No one can make any innovation without having a creative vision and strategy. Vision is a long-term dream about a business or product, whilst strategy identifies the best ways to implement the vision. In this article, I discuss the importance of the vision and strategy elements in creating innovation and show steps to develop each of them.

What is vision, and how do you craft it?
Vision is a dream about how a business or product will be in the future, and it is the starting point for any corporate strategy, objectives, and metrics. Vision is a long journey that starts from where you are today to reach a better future. Three factors judge the significance of visions: (1) desirability, (2) challenge, and (3) belief. Vision is desirable if it brings new values to customers and is a challenging project as it involves, for instance, specific activities, resources and risks to make a significant change. Moreover, people or stakeholders must believe in the underlying vision to buy it. Internal forces influencing the subject of vision include resources, experiences, culture, and leadership, and the external forces involve technology trends, business change, social change, environmental factors, competition, and customer needs.
How can you encourage and inspire people to cope with perspective change and see challenges as opportunities for innovation? You start by looking at where the business is today and where it is heading in the future, then create a vision for your business. To build a business that can drive innovation through change, the leader has to start with a clear vision for everyone to aim for. Nothing is more important than communicating this ambitious dream and inspiring teams to contribute to achieving the big aspiration. Vision is perceived as an ambitious dream to make a success to the firm by envisioning a new product, process, business, or market. Vision is usually initiated and decided by the owner or leader of the project, then cascaded to workable strategies and business plans to achieve it. Undoubtedly, innovators require an ambitious vision to make victorious innovations.

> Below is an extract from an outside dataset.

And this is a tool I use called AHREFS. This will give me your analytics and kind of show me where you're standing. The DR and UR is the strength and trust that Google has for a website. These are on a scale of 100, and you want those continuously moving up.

Ways to inspire visions involve group activities like inspiration, market and customer analysis, value mapping, industry analysis, technology searching, brainstorming, seeking expert advice, or SWOT analysis to discover opportunities.

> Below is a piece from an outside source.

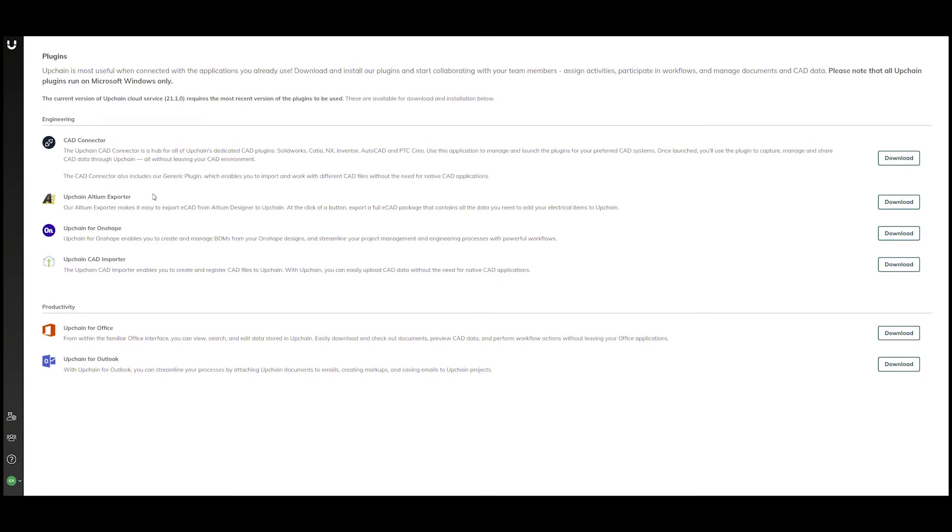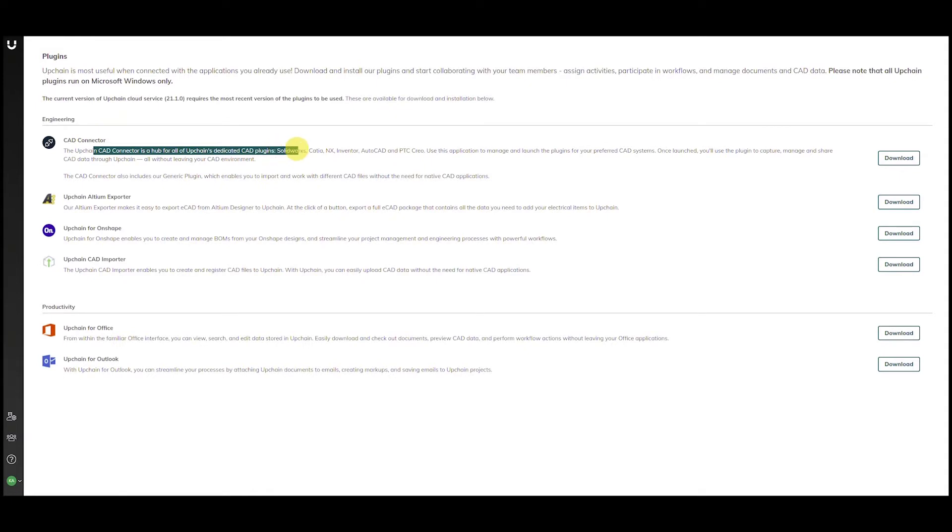UpChain is the only CAD-centric multi-tenant SAS PLM software on the market today. UpChain is CAD-agnostic. A single plugin is used to manage all CAD integrations, including SOLIDWORKS, CATIA NX, Inventor, AutoCAD, and PTC Creo.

Why is vision important to innovation?
Vision can bring many benefits to the organisation, including:
- Focusing staff and resources on a common goal.
- Aligning business plans for a specific strategic direction.
- Changing the current situation to a better future.
- Enforcing more control over staff work.
- Leading teams to be more creative and contributing to the company’s prosperity.
As an example of corporate vision, Ofgem’s innovation vision (2021-2025), the independent regulator for energy markets in the UK, is the transition to net zero – including the decarbonising of power, heat and transport – and the impact of democratisation, decentralisation and digitalisation will redefine and shape the energy landscape over the next 20 years. In this Vision, we set out innovation principles and priorities to highlight areas where Ofgem has identified the need for significant innovation and to encourage regulated parties and other innovators to innovate in these spaces (https://www.ofgem.gov.uk).
Here are some literature reviews on the importance of ‘vision’ to innovation:
- Most successful endeavours start with a big vision, projecting where you will be in five years, and it is about what drives your business to succeed and is the change to make. No matter whether you either start with the segment, problem, product, or technology, the vision is less about how you change and more about what you change (Cooper and Vlaskovits, 2013)1.
- The disruptive method comprises three components which are (1) convention (i.e., challenging the existing way of thinking, (2) vision (i.e., creating a new way of thinking for a brand or company to define its future), and (3) disruption (i.e., creating an idea that will speed up our journey from challenging convention to renewed vision (Jean-Mario, 2015)2.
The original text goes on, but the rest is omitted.